-- About this exercise --
In your copy, leave out the pictures and reproduce the listing below exactly.

-- Source data --
* * * *

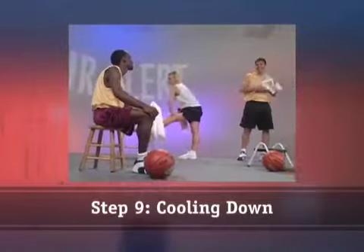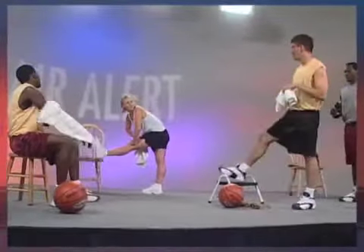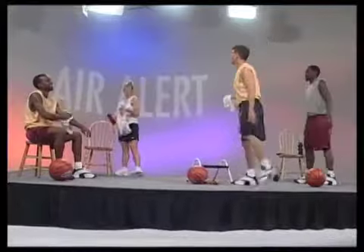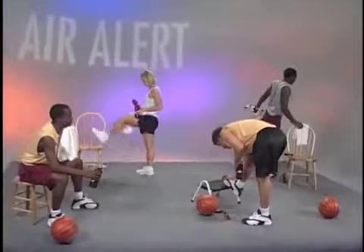Step 9: cooling down. It's important to cool your body down and stretch at the end of your workout. Make sure you repeat the stretches you did before you began the routine. Final stretching will help prevent cramps and minimize soreness, as well as enhance flexibility.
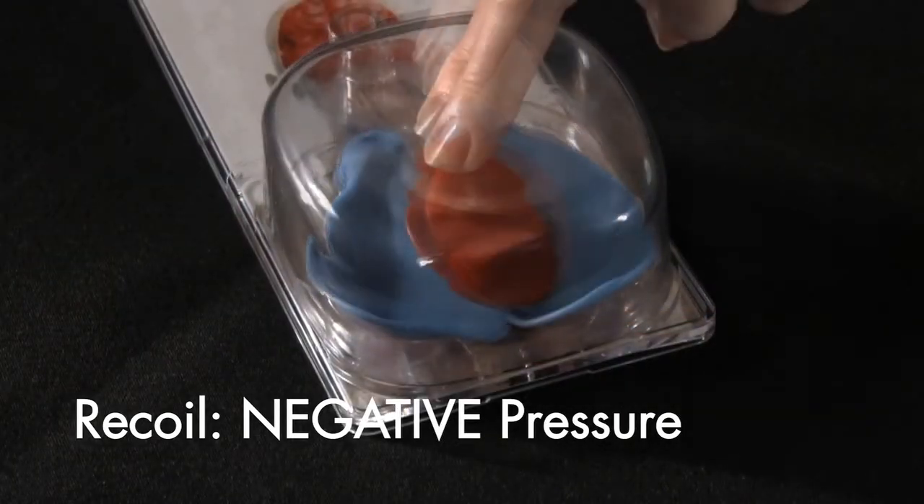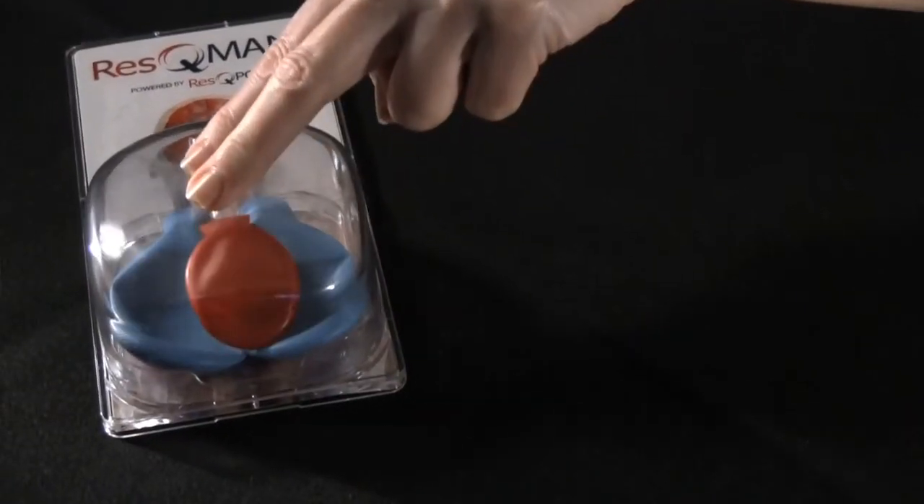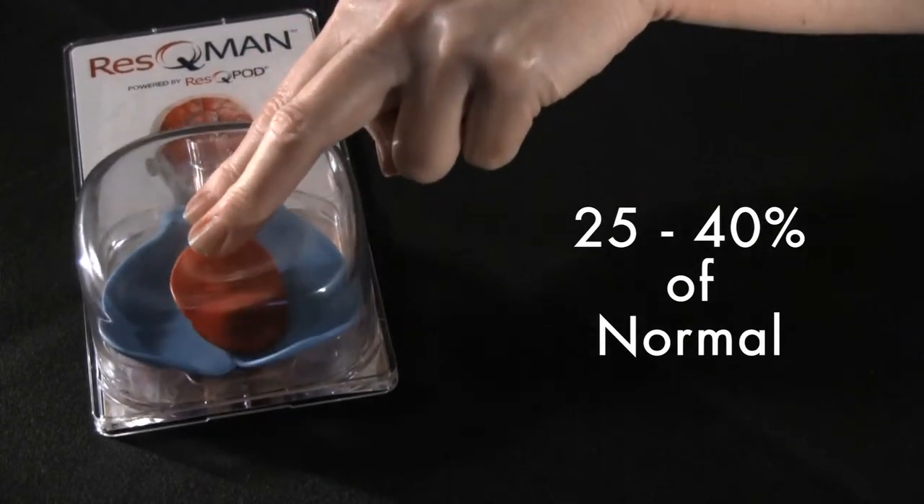This phase of CPR is crucial because the more blood that can be returned to the heart, the more blood that can then be circulated forward on the next compression. However, even with high quality CPR, we only circulate 25 to 40% of normal blood flow.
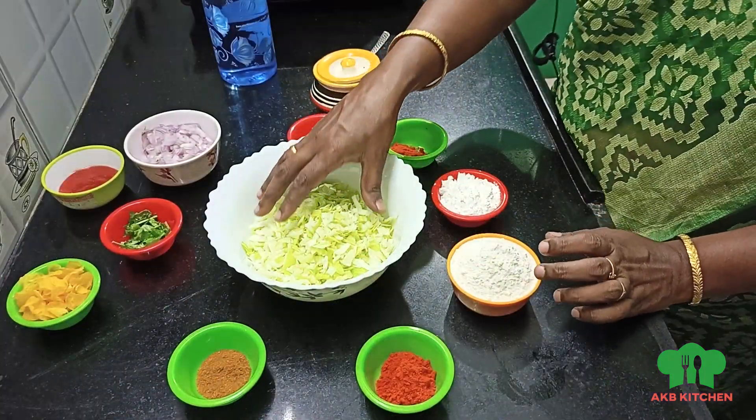Hi friends, welcome to AKB. Let's see how it's made in our kitchen. Subscribe to my channel and click the bell icon. Let's go to the kitchen.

* * * *

-- Task answer --
Step 9: cooling down. It's important to cool your body down and stretch at the end of your workout. Make sure you repeat the stretches you did before you began the routine. Final stretching will help prevent cramps and minimize soreness, as well as enhance flexibility.
This phase of CPR is crucial because the more blood that can be returned to the heart, the more blood that can then be circulated forward on the next compression. However, even with high quality CPR, we only circulate 25 to 40% of normal blood flow.
Hi friends, welcome to AKB. Let's see how it's made in our kitchen. Subscribe to my channel and click the bell icon. Let's go to the kitchen.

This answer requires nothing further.